Guul Draz Vampire: 55%
Guul Draz Vampire should be relevant in the early game—even if briefly—and eventually comes back around into the late game as a legitimate threat to your opponent. Consequently, I think that he flies under the radar of a lot of players, especially those who would include Vampire Lacerator over it…
Vampire Lacerator: 53%
According to some draft data, players are taking Vampire Lacerator higher than Crypt Ripper and Nimana Sell-Sword. Why?! All you get here is a Grizzly Bear for one mana. Sure, in the early game, you get to go on the beatdown. Great. But you are losing a bunch of life in the process as well. Not so great. In the late game, you get a 2/2. Wonderful. At that point, the fact that Vampire Lacerator only costs one mana is moot—you need something more swingy even if you have to pay more to produce it. Although these percentages come from play, I do not see why there is some sort of fascination with this card. And it certainly isn’t doing anything special in sealed.
Blood Seeker: 53%
Long ago, a player much better than I was instructed me that Suntail Hawk was bad—even in the best case scenario (you play it on the first turn and your opponent never plays a flyer for the entire game), it still is not a compelling card. The moral of the story is that dealing one damage per turn to your opponent’s dome is not a very good strategy. I more or less believe that Blood Seeker is just that, and that we see a 53% here only because it comes off the backs of all the actual good cards in black. Feel free to disagree.
Bog Tatters: 52%
Black finished just a hair below red for most frequently played color in limited, so you will frequently get an unblockable creature out of Bog Tatters even if you maindeck him. However, three damage a turn starting on turn six has less of an impact on a game than you might hope it would. The result is a very average 52%
Surrakar Marauder: 52%
Don’t let the 52% fool you—Surrakar Marauder is still probably better than the last four creatures on this list. Whereas Bog Tatters gets going late, Surrakar Marauder starts pounding evasive damage away beginning on turn three. Even if it is only two damage per turn, that still chips away fairly quickly and helps get to a point where Vampire Lacerator goes offline and Guul Draz Vampire goes online. And that makes for a pretty good card.
Giant Scorpion: 50%
Like Disfigure, some speculated that Giant Scorpion would be at the top of this list. Again, it is worth reiterating that some cards don’t single-handedly affect games. Giant Scorpion is such a card. Think about what Giant Scorpion does in average game. Most of the time, your opponent will attack with a reasonably sized creature (that is, three or more power), and Giant Scorpion will block. Both creatures will go into the graveyard. How game breaking is that? Answer: hardly. Moreover, this Scorpion will hardly do much in the red zone. Perhaps he is a solid card to have in your deck, but he is going to do a very boring job.
(Vampire’s Bite): 35%
It is beyond me why people seem to be so high on Vampire’s Bite. Other than ridiculous cards like Overrun, combat tricks tend to be best when they simultaneously save your creatures while destroying your own. Both Vines of Vastwood and Slaughter Cry have these quality, and both came in higher than 50%. In contrast, Vampire’s Bite will only help you with the latter, which means you are probably going to lose the spell and a creature just to remove something of your opponent’s. That’s an automatic two-for-one against you, and we aren’t even considering when your opponent removes the Bite’s target in response. Spending four mana total to kick the spell hardly seems worth the life, either. From that perspective, a 35% should not be surprising.

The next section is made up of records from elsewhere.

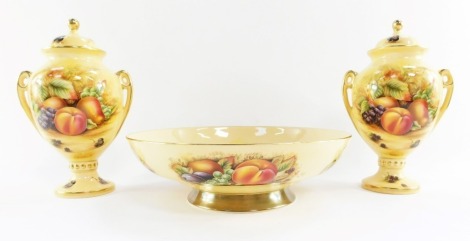 A group of Aynsley Orchard Gold porcelain, comprising a fruit bowl, 26cm wide, and a pair of twin handled vases and covers, 23cm high. (3)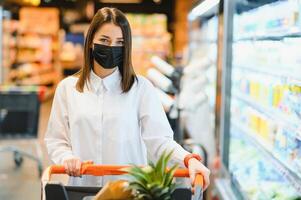 joven mujer con cara máscara caminando mediante tienda de comestibles Tienda durante covid-19 pandemia. foto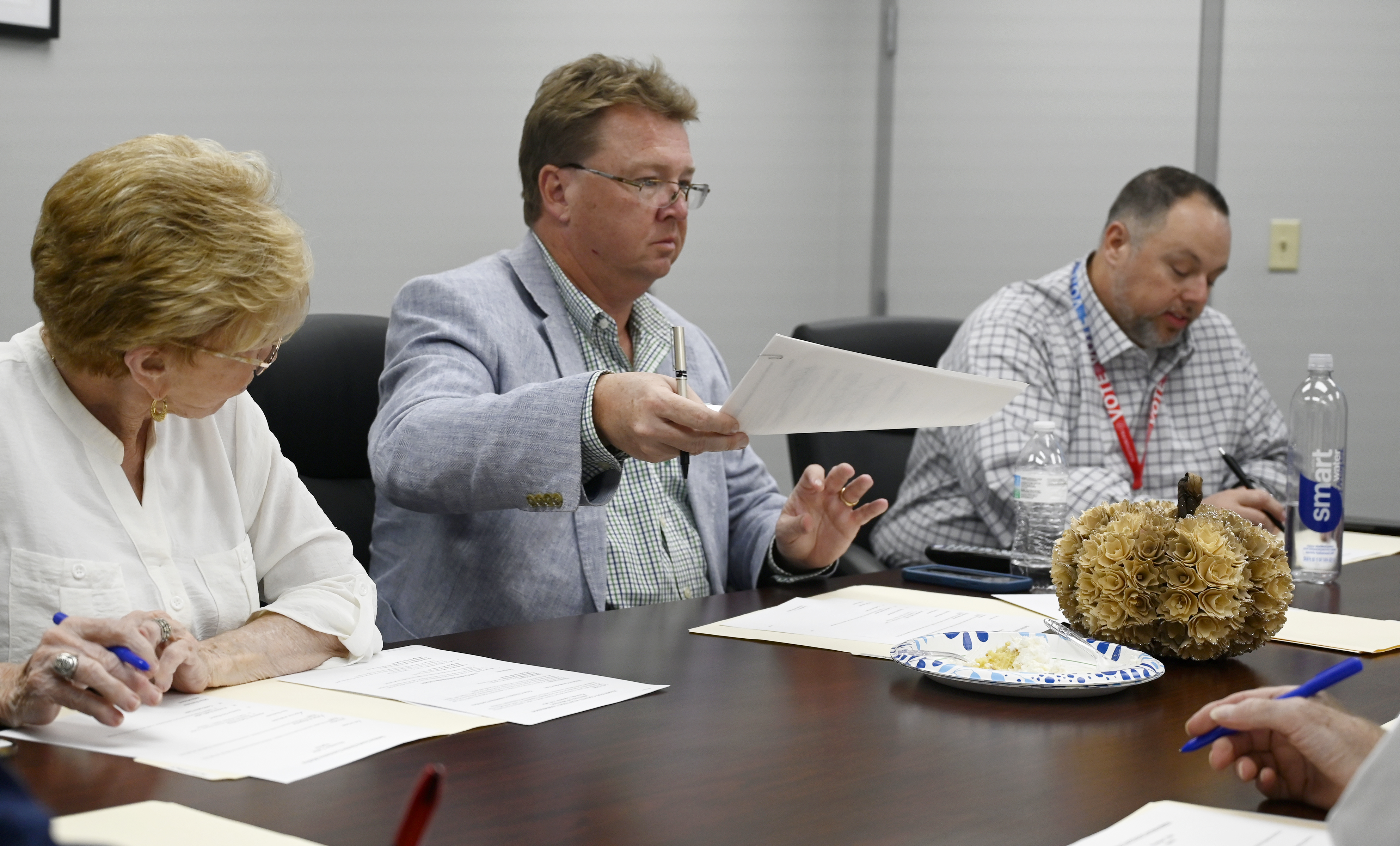 Staff photo by Abby White / Ruth Braly, left, Chris Clem, and Scott Allen discuss voting during the meeting. The Hamilton County election commission held a meeting shortly before the polls closed on Tuesday, November 5, 2024.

Desecrated Earth: Ineligible (1-2)
Would you want to play a poor land destruction spell in a limited format? Would you want to play any land destruction at all in Zendikar limited, outside of Mold Shambler (which is a land destruction spell only by technicality)? The only thing more surprising than the fact that someone one a game while playing Desecrated Earth is that three people were willing to play it in general.

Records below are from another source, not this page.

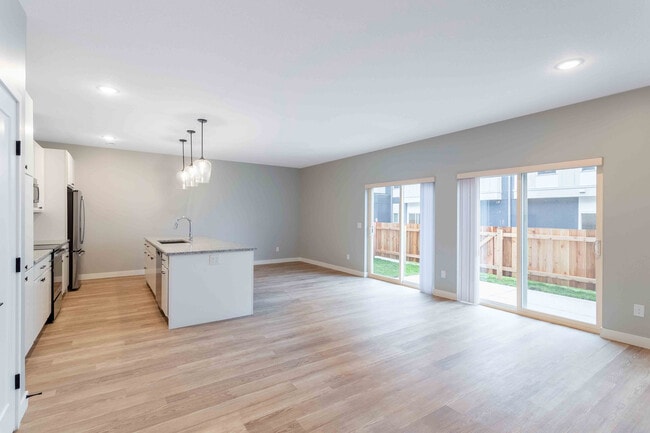 Bright and airy kitchen with granite island, modern fixtures, and expansive sliding glass doors leading to a private patio.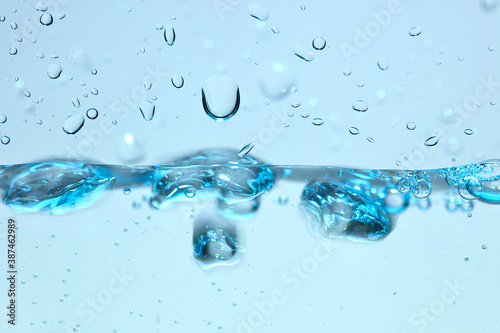 Nahaufnahme einer blauen Wasseroberfläche mit Wassertropfen und Luftblasen.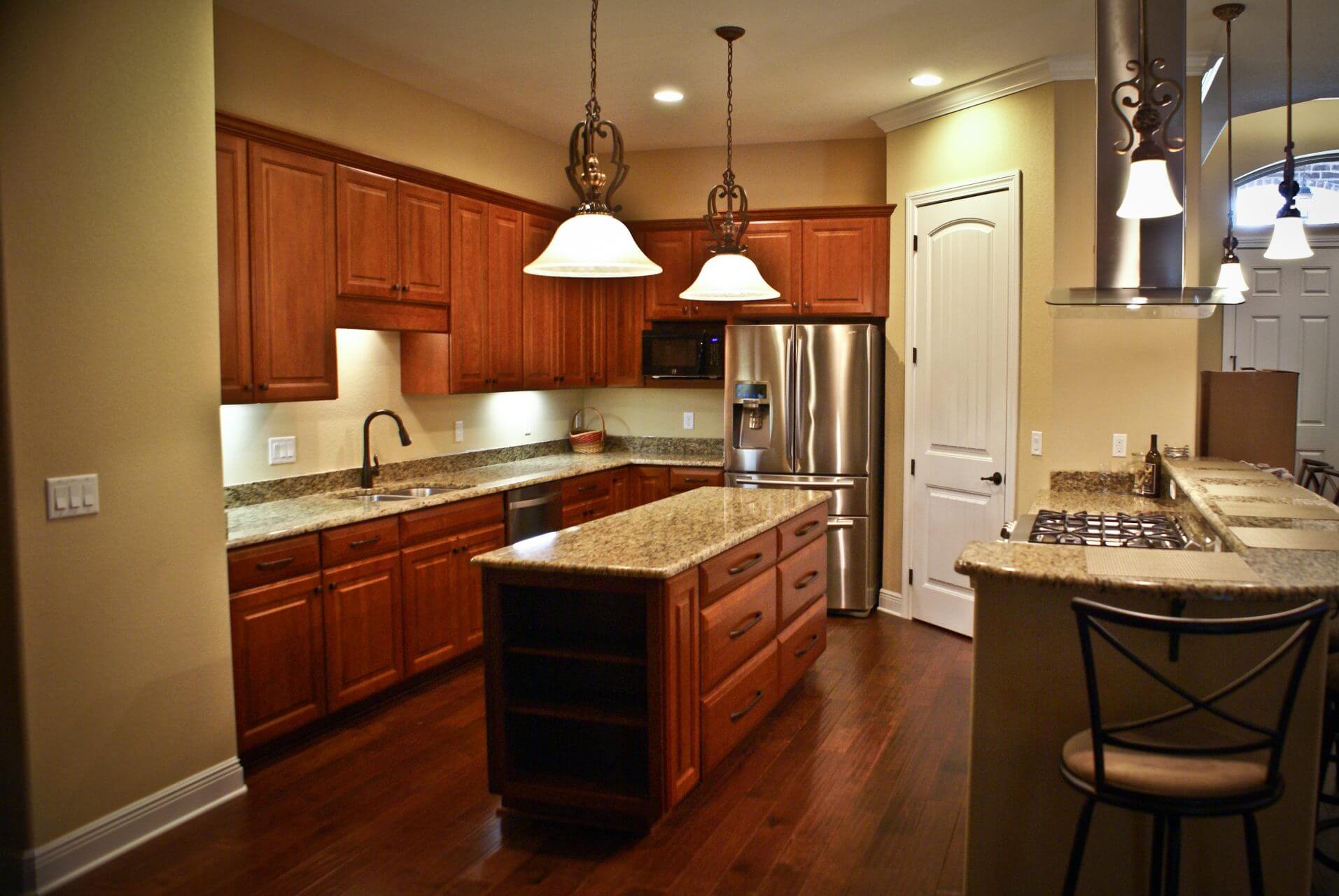 Transitional kitchen with rich wood cabinets, granite countertops and wood floors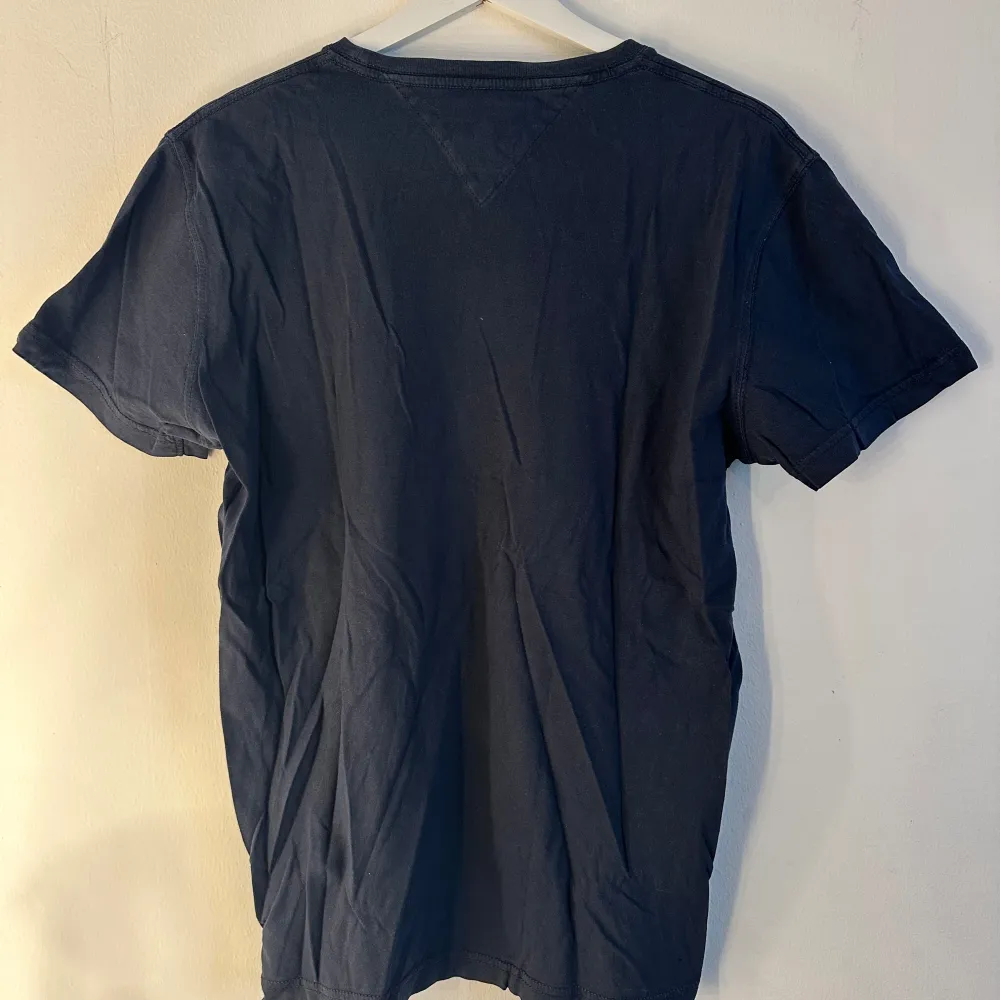 Tommy Hilfiger t-shirt med tryck. Trycket är lite slitet (se bild 2) och sedan har tröjan ett litet litet hål (se bild 3) annars hel och ren. Storlek M. T-shirts.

Mindless Null: Ineligible (7-11)
I have heard that some people are willing to play Mindless Null just because they need another black card to justify playing all of the other great ones they have available in their sealed pool. However, with a 39% mark, even if it is in only eighteen games, you have to wonder whether there is another card—any card—in the pool that could go into the deck other than this one.

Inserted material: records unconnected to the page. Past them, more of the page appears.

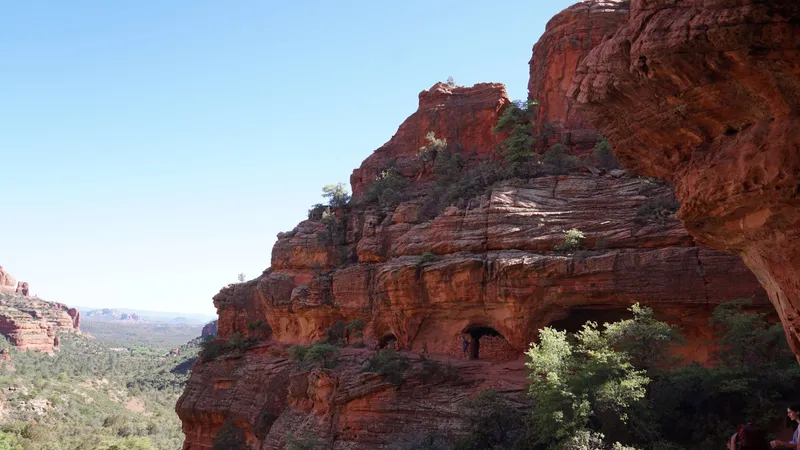Ancient cliff dwelling in dramatic Sedona Arizona red rock canyon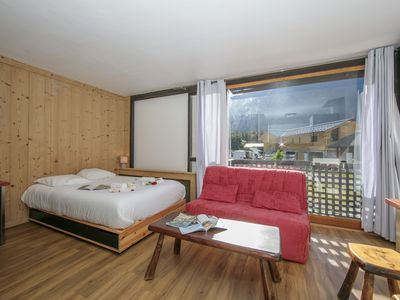 Wohnzimmer mit Doppelbett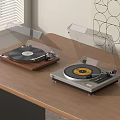 Two Turntables With Clear Dust Covers On Wooden Desk Near Window Blinds And Geometric Wall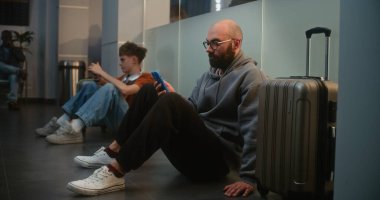 Kalabalık Uluslararası Havaalanı Terminali 'ndeki Çeşitli Yolcular: Bavullu Yorgun Adam Akıllı Telefon, Havayolu Merkezinin Kalkış Salonunda Oturuyor, Gecikmeli Uçuşu Bekliyor.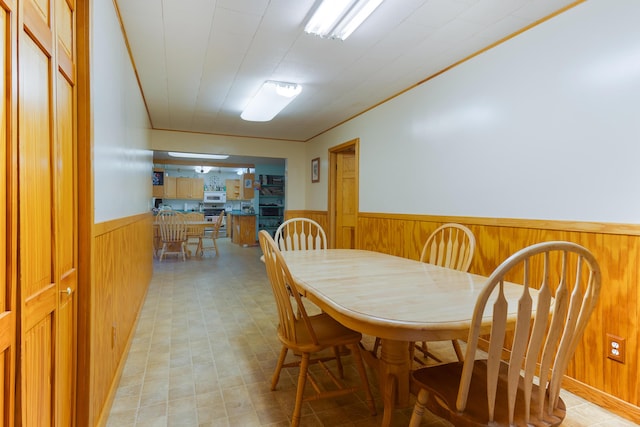 dining room with ornamental molding and wooden walls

Mire Blight: Ineligible (No Observations)
An entirely unsurprising result.
Overall, black’s cards are extremely strong—only one eligible card clocked in below 50%. This should come as no surprise considering it packages good creatures (Crypt Ripper and Heartstabber Mosquito) with a variety of removal in various forms (Hideous End, Disfigure, and Heartstabber Mosquito) and card advantage (Soul Stair Expedition and…you guessed it…Heartstabber Mosquito).
Join me next time when we get to red. Is Burst Lightning the top common? Does Plated Geopede live up to its reputation? And is Zektar Shrine Expedition a playable card? I will answer all those questions and more in a few days.
William Spaniel
williamspaniel@gmail.com
Appendix: Methodology
I assume that skill, luck, and the quality of a player's deck determine who wins any particular confrontation. While undoubtedly skill matters, this study is focused on the luck and card quality factors. Players actually have a great deal of control over both of these, as a poorly-constructed deck will win less often than a well-constructed one. From this, we can conclude that some cards contribute to wins more frequently than others. If an average card ever reached play in a game, we would expect its controller to have only won that game around 50% of the time. But if a truly exceptional card reached play, we would expect its controller to have won upwards of 70% of the time.
Watching replays of Pro Tour San Diego qualifiers on Magic Online (and carefully avoiding the qualifier in which the system malfunctioned and everyone played a 140 card deck—yes, this actually happened), I recorded the results of more than a thousand players. Every time a card hit play, I would record it as either a win or a loss, depending on what ultimately happened in that game. If the card reached play multiple times (perhaps because of a (Grim Discovery)), it only counted once. But if a player cast multiples of a single card, I counted that card multiple times.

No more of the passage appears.